Print edition : Oct 11, 2002 T+T-

In New York, Prime Minister Vajpayee scores in projecting India's concerns over cross-border terrorism vis--vis Pakistan. President Bush gives him a sensitive hearing and, by all accounts, gives Musharraf a "hard message".

EVEN before Prime Minister Atal Behari Vajpayee and his delegation reached New York for the annual session of the United Nations General Assembly and, more important, for the bilateral meeting with United States President George W. Bush, the broad agenda for the talks with the U.S. leader was in place.

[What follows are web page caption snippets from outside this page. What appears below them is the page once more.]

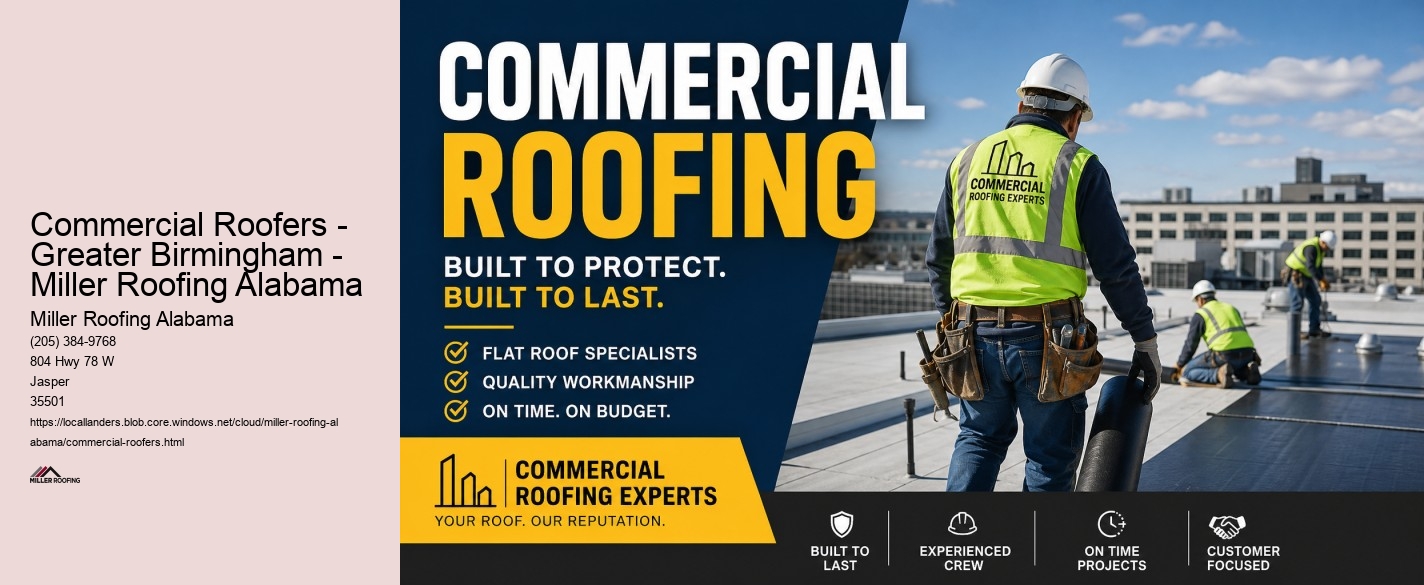 Commercial Roofers - Greater Birmingham - Miller Roofing Alabama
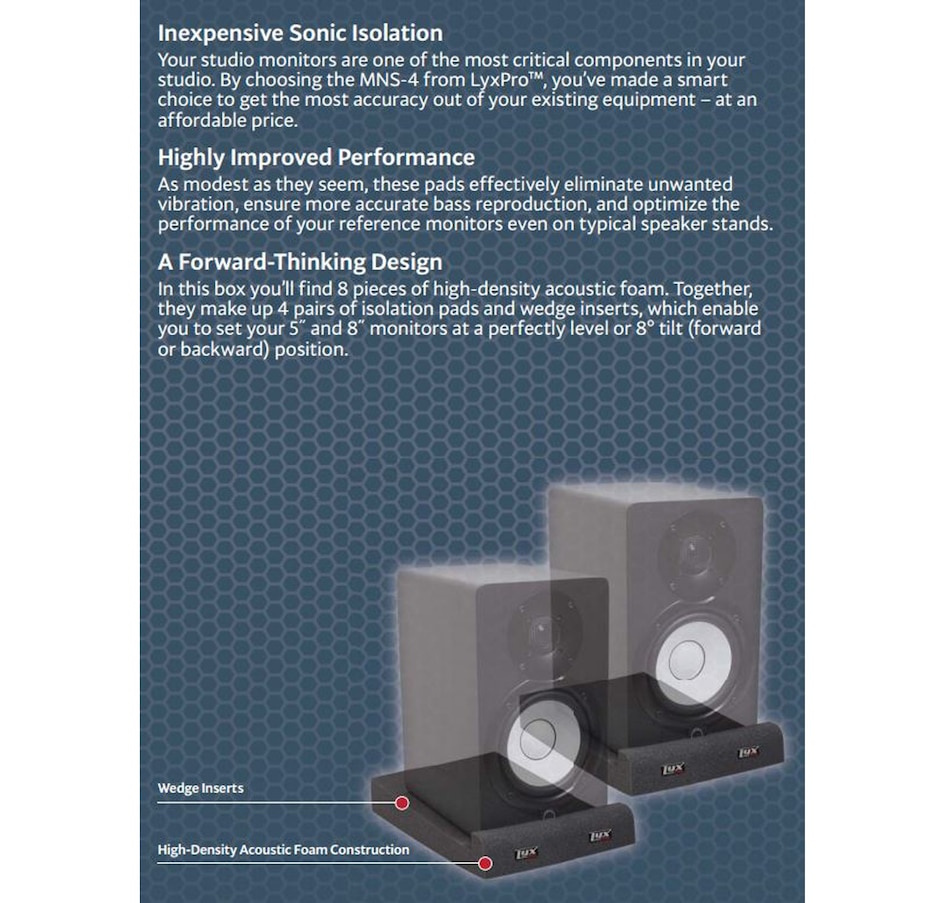 Image 809548_ALTMORE2.jpg, Product 809-548 / Price $44.99, LyxPro MNS-4 Acoustic Foam Isolation Pads, Studio Monitor & Speaker Isolation Pads - 1 Pair from LyxPro on TSC.ca's Toys & Hobbies department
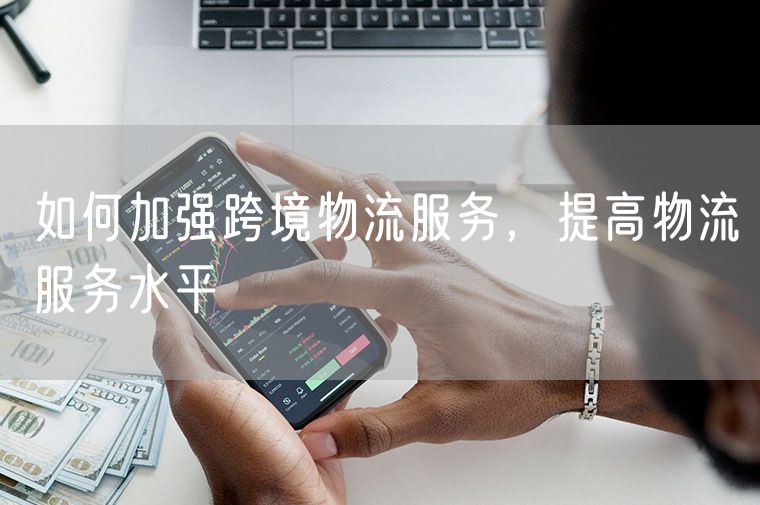 如何加强跨境物流服务，提高物流服务水平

It was clear that the focus of the Bush-Vajpayee meeting was to be on the width and depth of Indo-U.S. relations and their long-term prospects, and that neither of the countries wanted to discuss India-Pakistan relations. However, the issue inevitably figured in the discussions since the U.S. had been keeping a close watch on the developments in the subcontinent. Washington is concerned about the terrorist infiltration across the Line of Control (LoC) from Pakistan and the violence witnessed during the run-up to the Assembly elections in Jammu and Kashmir.

On September 9, three days before the Bush-Vajpayee meeting, U.S. Secretary of State Colin Powell gave an indication of the U.S. administration's thinking. Addressing mediapersons after meeting External Affairs Minister Yashwant Sinha, Powell said that the situation across the border was discussed.

Powell told this correspondent: ``I reaffirmed to the Minister that we would continue to press the Pakistani government to do everything possible to stop cross-border infiltration and remind them of the commitment they have made not only to the United States but to the international community that they would not support such activity and would work actively to stop it.'' He added: ``And we also talked about the upcoming elections [in Jammu and Kashmir]. And I reaffirmed to the Minister that we have spoken to the Pakistanis about not interfering in any way with those elections, which we expect will be free and fair, and there will be an opportunity for people to see that it is being held in such a manner.''

Yashwant Sinha said that he was ``absolutely, totally satisfied with the discussion that we had and what Secretary Colin Powell has just now said''.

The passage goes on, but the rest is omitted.